For reasons of semantic interoperability, open source is absolutely essential for creating a free (as in unconstrained rather than captured) utility market whether the providers all run the same system or conform to an open source reference model.
It has to be code (i.e. an expression) rather than a principal in specification document as switching needs to be perfect and the normal interpretation errors of documented standards by one vendor or another would prevent switching.
However, the value to the users is the market i.e. ask most large AWS users whether they want lots of different IaaS cloud or lots of AWS clones ... they'll say AWS clones i.e. they want a market of AWS clones.
So, spot on - the value to users is not how "open" or not this cloud is but instead the existence of a utility market with easy switching. The latter does require an open approach but that is secondary to the eyes of the user and the value of "a market".
I've long supported the attempts to create open source AWS clones in order to form that market. The whole "open API" brigade and how EC2 / S3 / EBS weren't open suffered from a lack of understanding of law. APIs are (and have always been) principles and not copyrightable. Nothing has changed.
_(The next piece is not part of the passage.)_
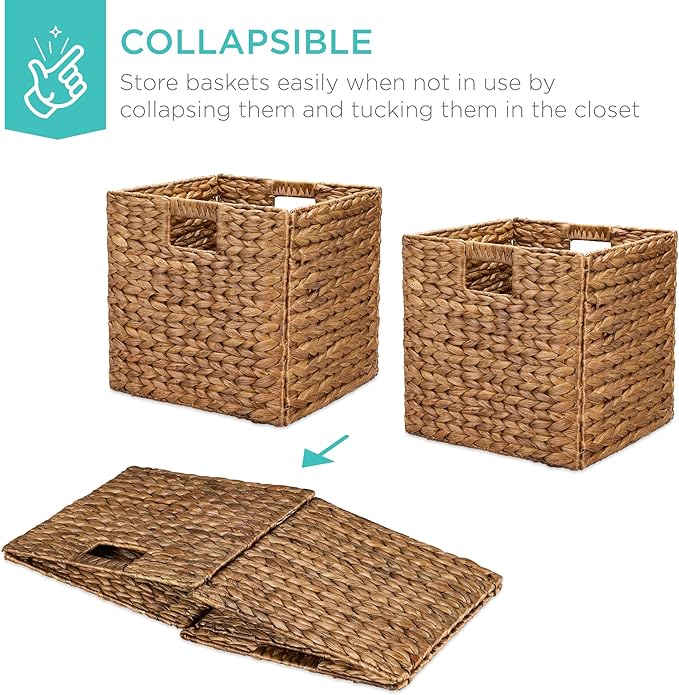 Best Choice Products 13x13in Pack of 5 Cube Storage Baskets, Water Hyacinth Multipurpose Collapsible Organizers, Handwoven Laundry Totes for Laundry, Living Room, Kids Room & Nursery - Chestnut - Image 3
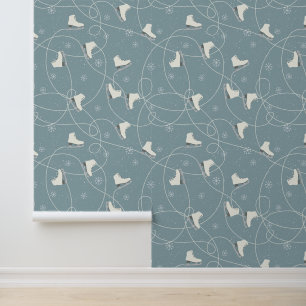 Ice Skates Snowflakes Ice Trails Blue Grey Wallpaper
Of course, the next counter will be the process itself of how AMZN builds those APIs is not open ... ignoring that Android is equally a closed wall process.
So two cheers for writing an article which emphasises that what's importance is user need, in this case the existence of a free (unconstrained) competitive market, and not how "open" something is.
As Benjamin Black would say "Solve user problems or become irrelevant". Being "more open" doesn't solve a user problem, creating "a market" with easy switching does.